Intended Learning Outcomes (ILO)


At the end of the course student will be able to...
  • Understand the connection between simple random variables and more elaborate and realistic stochastic processes.
  • Formulate and analyse probabilistic models based on Markov chains and counting processes.
  • Understand the principles of stochastic simulation and Monte Carlo algorithms.


At the end of the course student will be able to...
  • Translate real-world situations involving randomness and uncertainty into probabilistic models.
  • Exploit the tools of probability theory to answer relevant questions, such as: what is the equilibrium distribution of a specific stochastic system? What is the probability of a certain outcome?
  • Use software to simulate the evolution of probabilistic systems.

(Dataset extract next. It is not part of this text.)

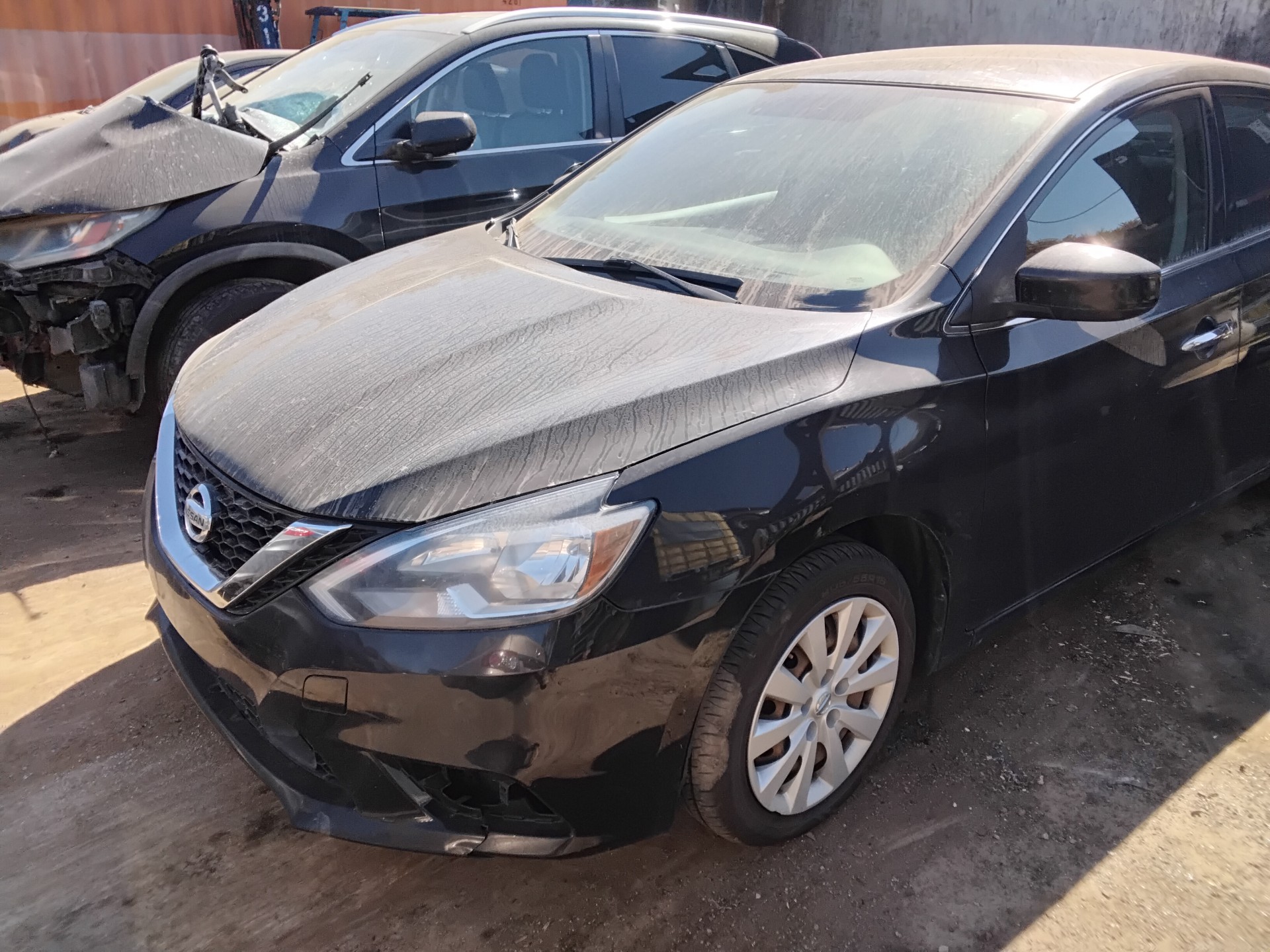 2018 Nissan Sentra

Design simple Monte Carlo algorithms for computational purposes.
  • Apply stochastic processes to model and solve real-world problems commonly occurring in diverse fields, such as business, industry, economics, finance and data science.

Teaching methods

  • Face-to-face lectures
  • Exercises (exercises, database, software etc.)


The main learning activity of this course consists in face-to-face lectures. Lectures integrate discussions of theoretical notions, such as mathematical definitions, with examples and in-class solution of exercises. The aim of the examples and exercises shown in class is two folded:

  • First to illustrate and visualize the theoretical notions with simple examples.
  • Secondly to describe real-world applications (both modeling and computational) of the probabilistic tools.

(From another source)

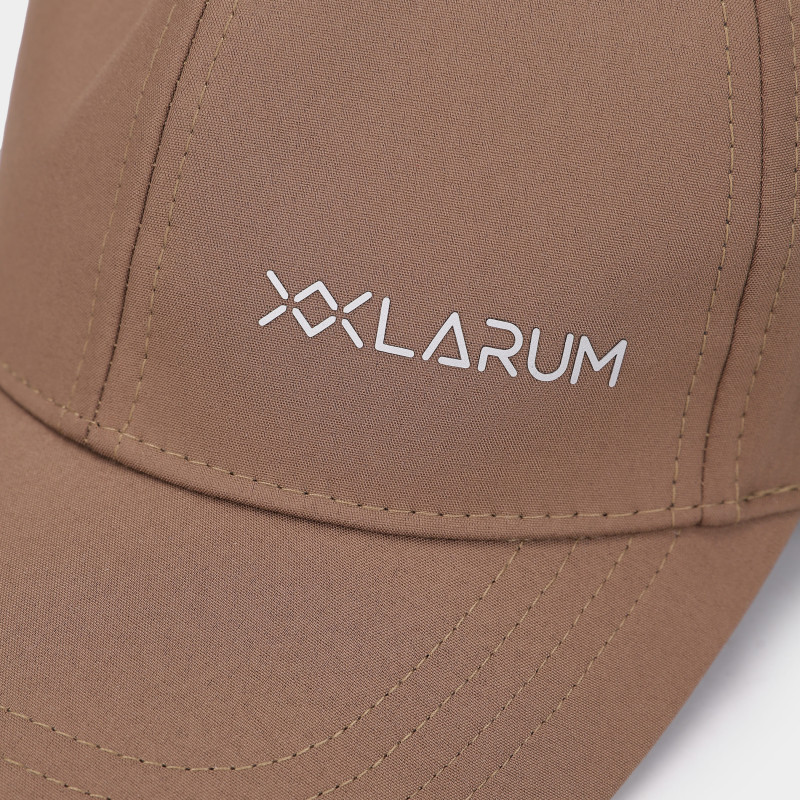 Men's baseball cap Larum Quentin brown 102518-200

In addition, the R statistical software is used in class to display computer simulations of the stochastic models under consideration. A set of exercises are provided for students to practice and get familiar with the lectures’ content.  

Assessment methods

  Continuous assessment Partial exams General exam
  • Written individual exam (traditional/online)


The assessment for all students, both attending and non-attending, consists in a written exam. The aim of the exam is to verify both the students’ understanding of the theoretical material (e.g. ability to provide definitions and characterizations of some noteworthy stochastic process), and their capacity to apply the theory for modeling or computational purposes (e.g. ability to identify appropriate models for a given situation and use them to answer specific questions).

Teaching materials


S.M. ROSS, Introduction to probability models, Academic Press, 2014.